(Stored records)
+ + + +

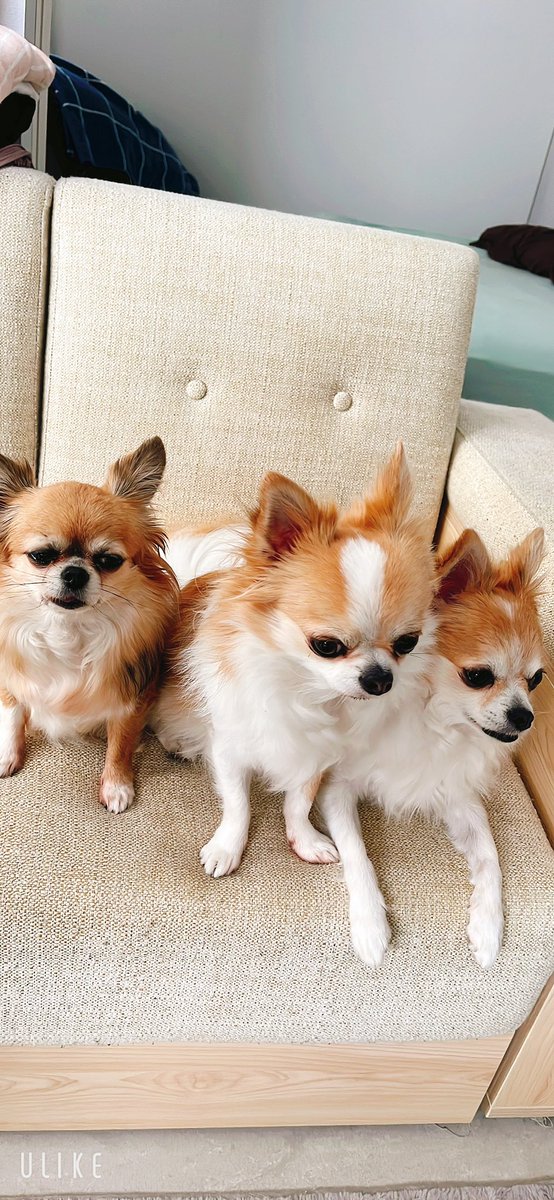 rosheandreiya's tweet photo. 来客大好きdogです。
お客さんが用事が済んで帰ってしまいショックをうけています。
毎日お客さん来てくれたらいいね〜

#チワワ https://t.co/XROCkaIHlz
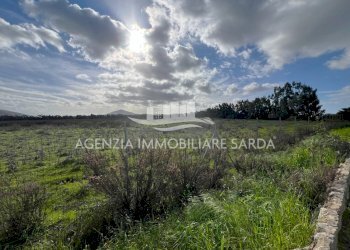 WhatsApp Image 2026-01-09 at 14.59.25.jpeg - Agricultural land Alghero - photo 2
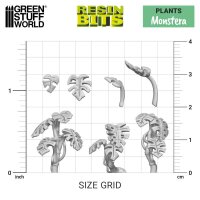 GreenStuffWorld Monstera Pflanzen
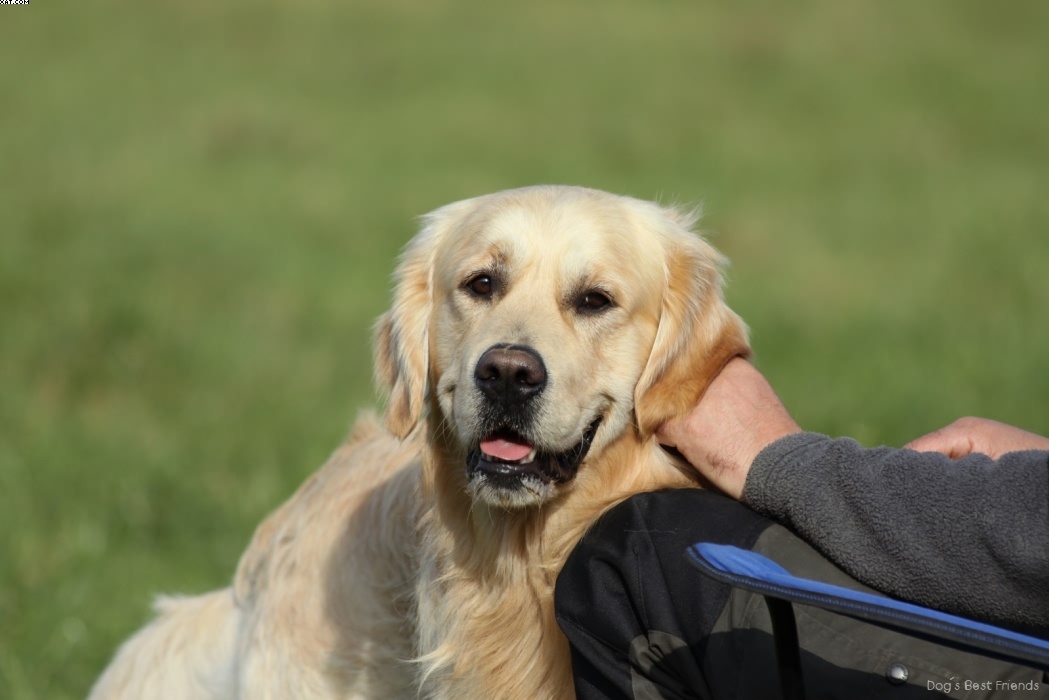 Img 1257442596 353 lg opt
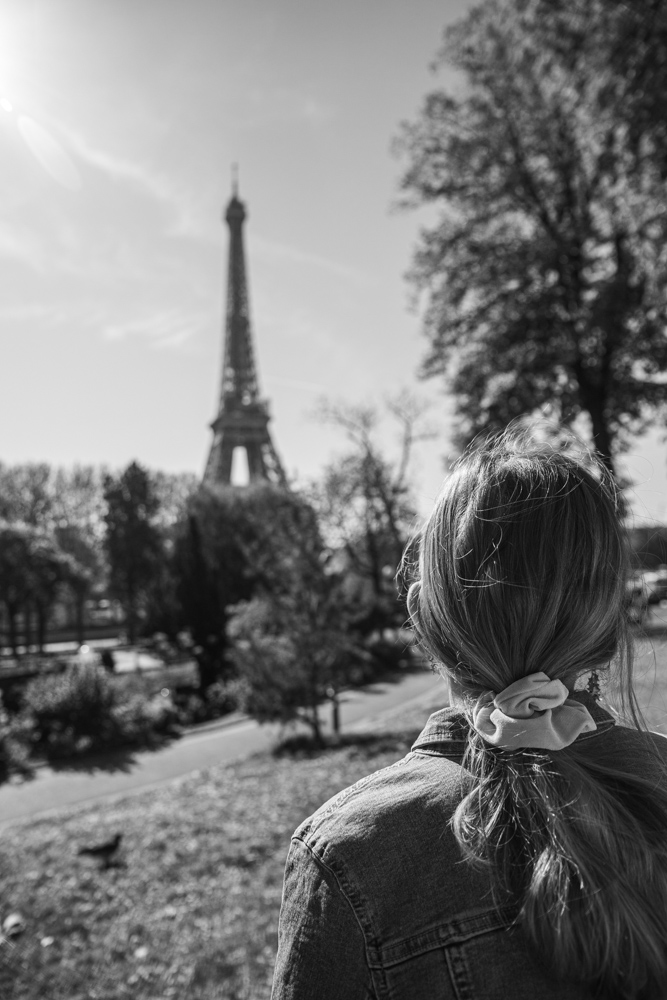 eifel-2.jpg.bd311b40bbfcc26ca2304af21fb25cb5.jpg
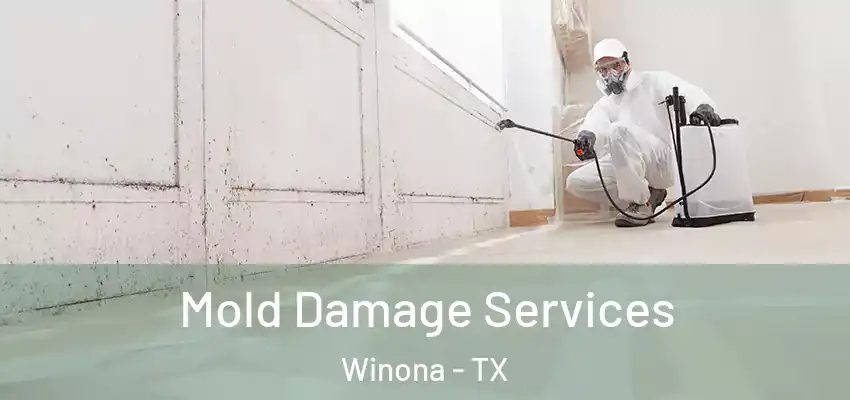 Mold Damage Services Winona - TX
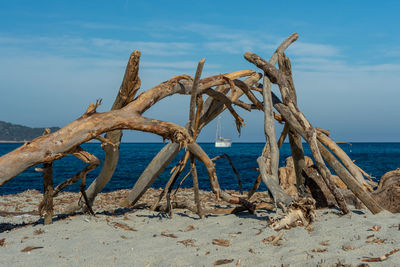 Driftwood on beach against sky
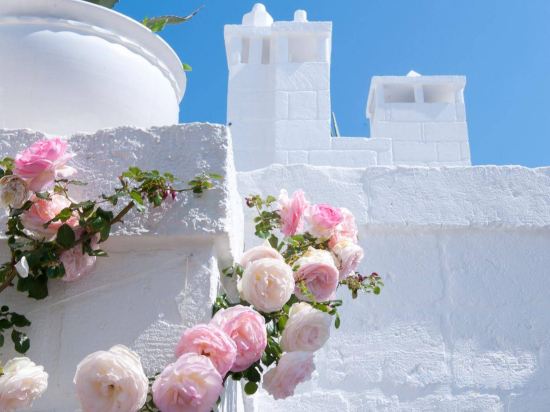 Фото Don Ferrante - Dimore di Charme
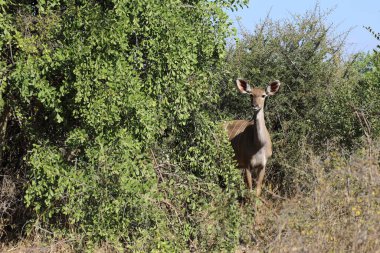 Greater Kudu / Tragelaphus strepsiceros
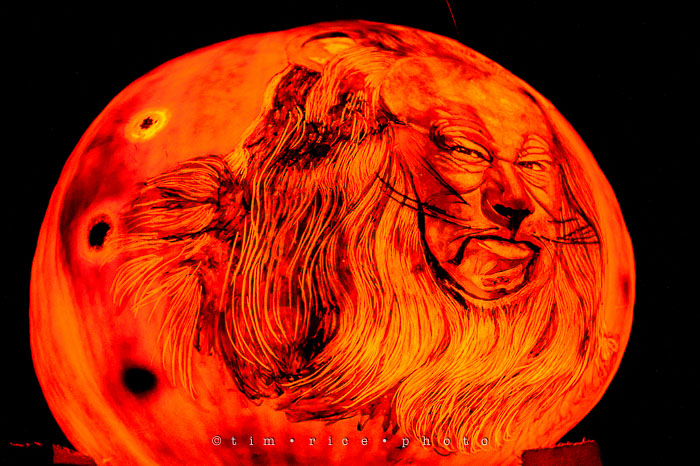 Yr7•024-365•2204•Jack O'Lantern Spectacular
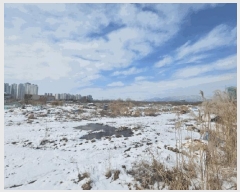  2025Ÿ��448 ���� �ϱ� �ſ뵿 477-9       ����(��)���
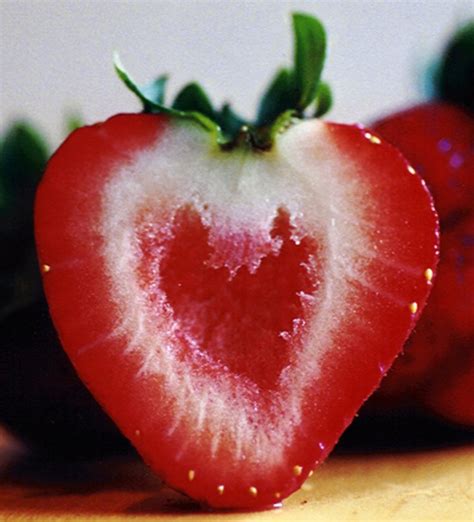 Free I Never Knew A Strawberry Cut In Half Looks Like A Heart Stock Photo
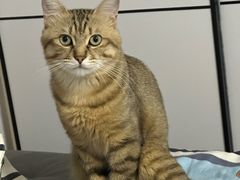 -萌兽医馆·宠物医院·猫骨科(创景店)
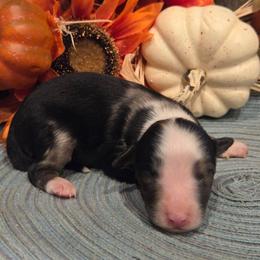 Boy 1 - Blue merle male Aussiedoodle puppy in Mouth Of Wilson, Virginia from Holly Ridge Aussies, Aussiedoodles & Corgis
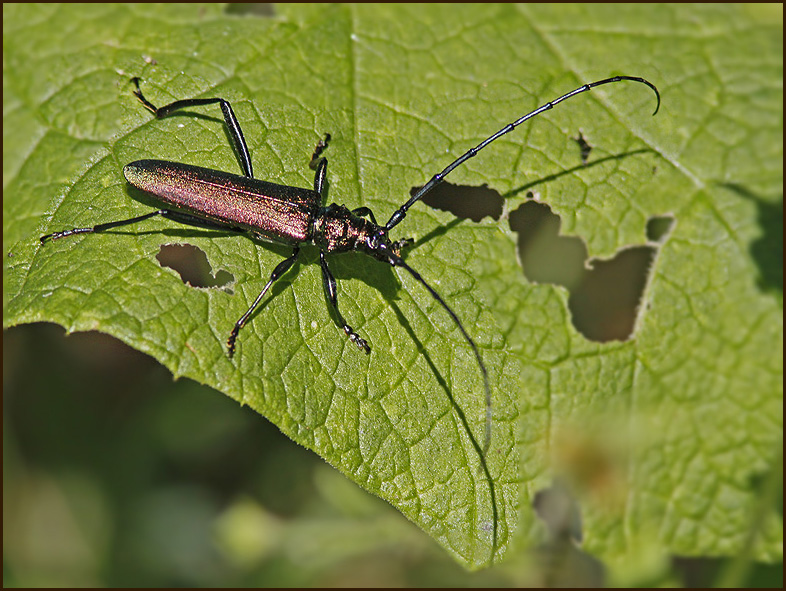 Musk Beetle male, Myskbock hane   (Aromia moschata).jpg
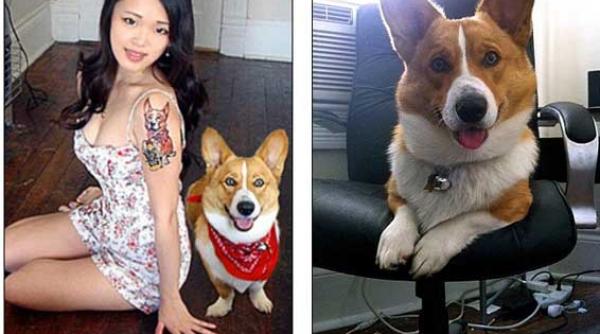 corbin cel mai tare corgi adora sa fie aspirat video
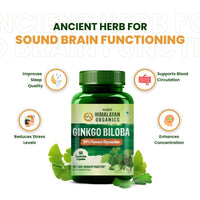 Vlado's Himalayan Organics Ginkgo Biloba for Healthy Brain Functions | 500Mg | 60 Veg Capsules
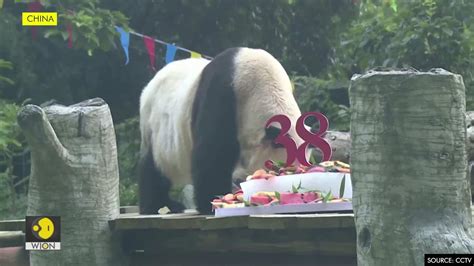 Worlds Oldest Panda In Captivity Celebrates 38th Birthday Edge News
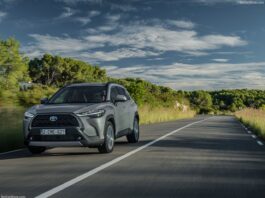 Argentina 2025. Chevrolet Leads In Growth Riding Year-Long Momentum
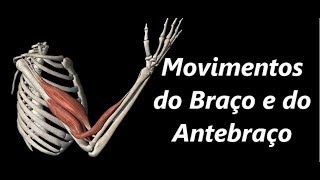 Movimentos do Braço e do Antebraço em 3D [upl. by Stedman751]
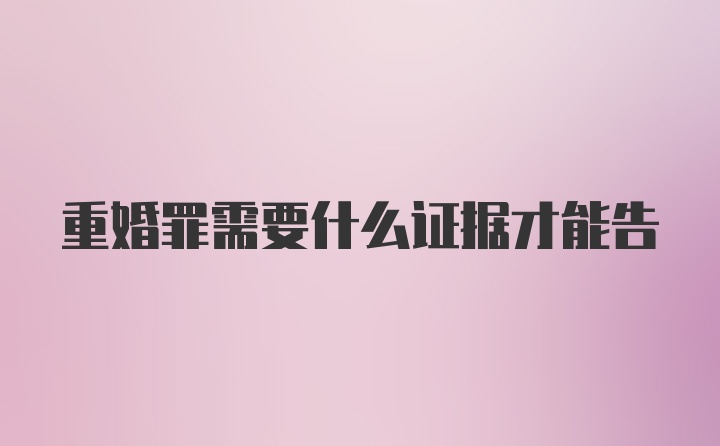 重婚罪需要什么证据才能告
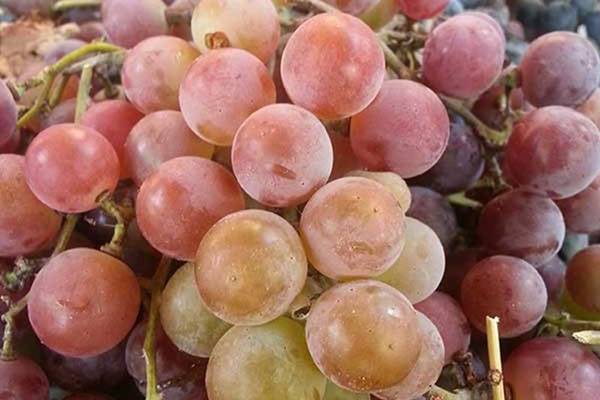 В чем опасность антракноза на винограде, признаки и методы борьбы
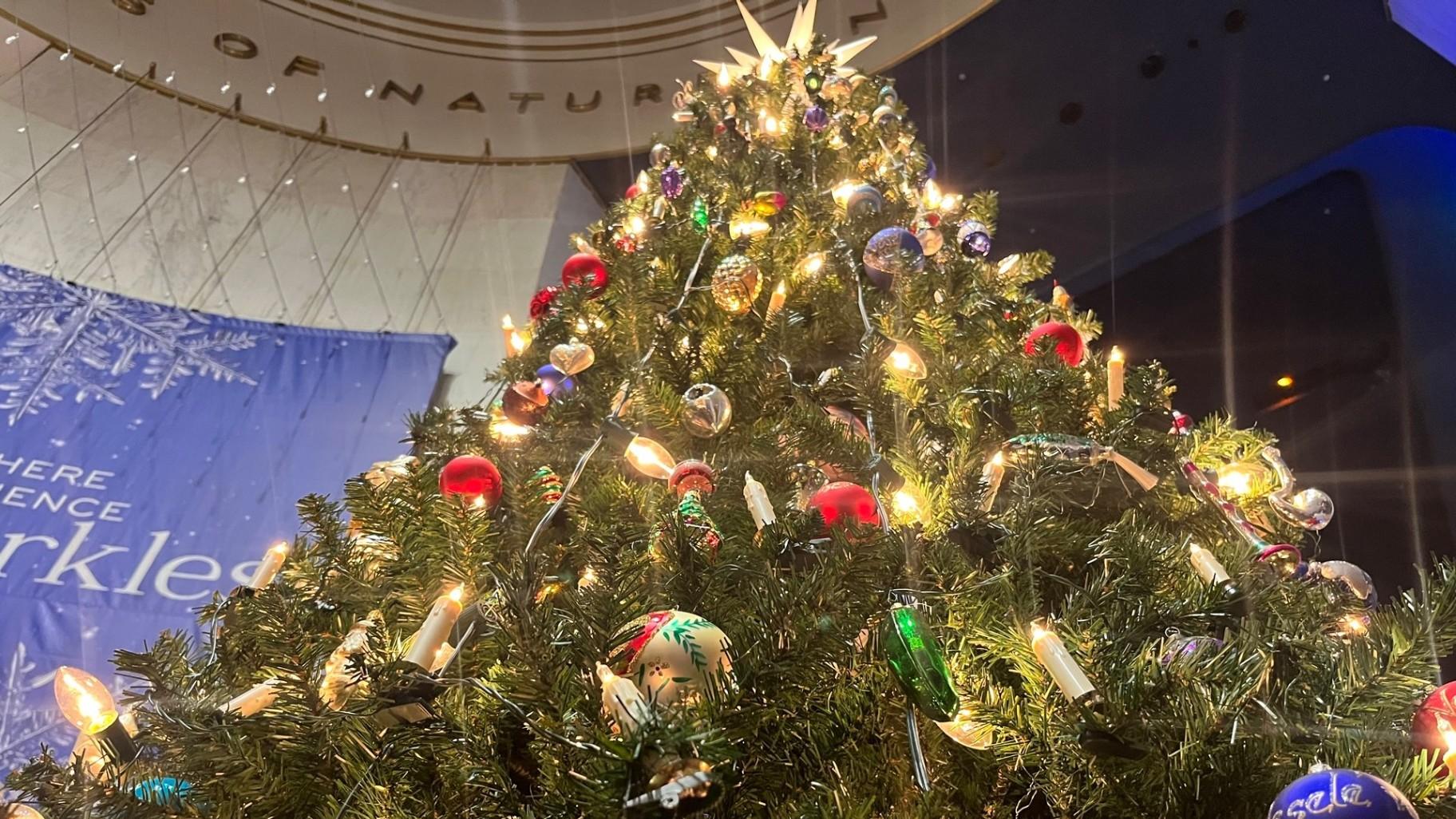 A Christmas tree featuring items celebrating the Czech Republic is displayed on Nov. 11, 2023. (Angel Idowu / WTTW News)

+ + + +

■ REQUIRED WORK: Output exactly the lines above, from the line with "Greater Kudu / Tragelaphus strepsiceros" to the line with "corbin cel mai", both included; skip the pictures.

■ PROBLEM SOLUTION:
 Greater Kudu / Tragelaphus strepsiceros
 Yr7•024-365•2204•Jack O'Lantern Spectacular
  2025Ÿ��448 ���� �ϱ� �ſ뵿 477-9       ����(��)���
 Free I Never Knew A Strawberry Cut In Half Looks Like A Heart Stock Photo
 -萌兽医馆·宠物医院·猫骨科(创景店)
 Boy 1 - Blue merle male Aussiedoodle puppy in Mouth Of Wilson, Virginia from Holly Ridge Aussies, Aussiedoodles & Corgis
 Musk Beetle male, Myskbock hane   (Aromia moschata).jpg
 corbin cel mai tare corgi adora sa fie aspirat video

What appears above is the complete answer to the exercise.